Mais le destin ne peut être lu ou deviné. Il n'est pas inscrit en chiffre dans les astres: contrairement à la civilisation sémitique de Babylone, le centre et le nord de l'Eu­ro­pe ne connaissent pas la superstition de l'astrologie, déviation abâtardie de la cro­yance proche-orientale en la révélation. La révélation et l'astrologie trahissent un dé­ficit de la personnalité proche-orien­tale, aux yeux du Dr. Murawski. En effet, celle-ci semble incapable de prendre une dé­ci­sion et d'accepter des responsabilités par­ce que trop faible ou trop couarde. Il lui faut un support extérieur à elle: en l'oc­cur­­rence le signe hypothétique qui vo­gue­rait entre les astres.

 

Le destin ne concerne donc que les cho­ses extérieures à l'homme; il n'est pas une personne ni une force impulsée par une personne mais il est le tout, la totalité cosmique, qui porte en soi toutes les lois qui la régissent. Le chemin de chaque homme dépend de sa hamingja (heil),  de sa destinée. L'homme ne re­çoit donc pas une «grâce» par la générosité d'une di­vinité extérieure à lui mais exprime dans tous les actes de son existence ce qu'il porte au fond de lui. La destinée d'une vie n'est donc pas quelque chose qui est offert, donné, envoyé, mais quelque chose qui croît en l'intérieur même du corps et du cerveau qui la portent et qui sont plongés dans la lutte éternelle et quo­tidienne contre les défis du destin, du monde, des choses, du cosmos. Cette lutte exige un lourd tribut: les meilleurs peu­vent gagner ou perdre.

 

Mais gagner ou perdre sont des destinées individuelles. Ce qui compte en dernière instance, ce qui est essentiel, c'est de main­tenir intacts l'honneur et la paix in­té­­rieure du peuple auquel on appartient. La sau­vegarde de ce peuple, sa perpétua­tion dans le temps, constituent un bon­heur vraiment essentiel qui transcende tous les bonheurs ou malheurs individuels, au-delà de la mort des corps. Quand cette convic­tion est profondément ancrée, quand elle est vécue même dans le cœur du plus humble ressortissant du peuple, on ne peut parler, comme les chrétiens, de fatalisme sombre. C'est là un mensonge historique.
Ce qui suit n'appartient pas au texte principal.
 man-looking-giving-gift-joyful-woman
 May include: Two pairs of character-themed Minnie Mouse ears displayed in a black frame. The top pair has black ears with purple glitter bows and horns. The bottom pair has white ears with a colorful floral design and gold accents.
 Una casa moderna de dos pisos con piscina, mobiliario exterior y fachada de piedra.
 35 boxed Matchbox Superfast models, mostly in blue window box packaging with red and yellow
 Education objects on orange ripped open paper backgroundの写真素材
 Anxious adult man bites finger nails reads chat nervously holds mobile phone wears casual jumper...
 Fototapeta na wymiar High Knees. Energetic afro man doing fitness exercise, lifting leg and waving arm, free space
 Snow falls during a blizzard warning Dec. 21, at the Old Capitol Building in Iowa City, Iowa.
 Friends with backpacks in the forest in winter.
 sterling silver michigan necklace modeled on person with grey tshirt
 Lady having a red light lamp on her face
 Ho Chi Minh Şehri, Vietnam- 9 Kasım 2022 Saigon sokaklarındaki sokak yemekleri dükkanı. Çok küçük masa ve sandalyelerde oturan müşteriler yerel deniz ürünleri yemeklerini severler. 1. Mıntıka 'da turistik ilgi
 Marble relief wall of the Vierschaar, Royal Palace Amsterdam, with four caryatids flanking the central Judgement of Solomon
Une telle attitude devant la vie, au contraire, est le gage le plus solide de la joie créatrice. D'une joie créa­trice qui n'a pas besoin de sauveur, de parousie.

 

Un tel sens du divin est incommensura­blement plus profond que la misérable ca­­ri­cature de divin person­nalisé qui trans­paraît dans les platitudes dogmatiques du judéo-christia­nisme. Le sens du destin per­met d'affirmer majestueusement la vie dans toute sa plénitude. Il interdit par ailleurs de cultiver la peur de Dieu et son corol­laire, l'humilité servile, l'auto-amoin­dris­sement masochiste.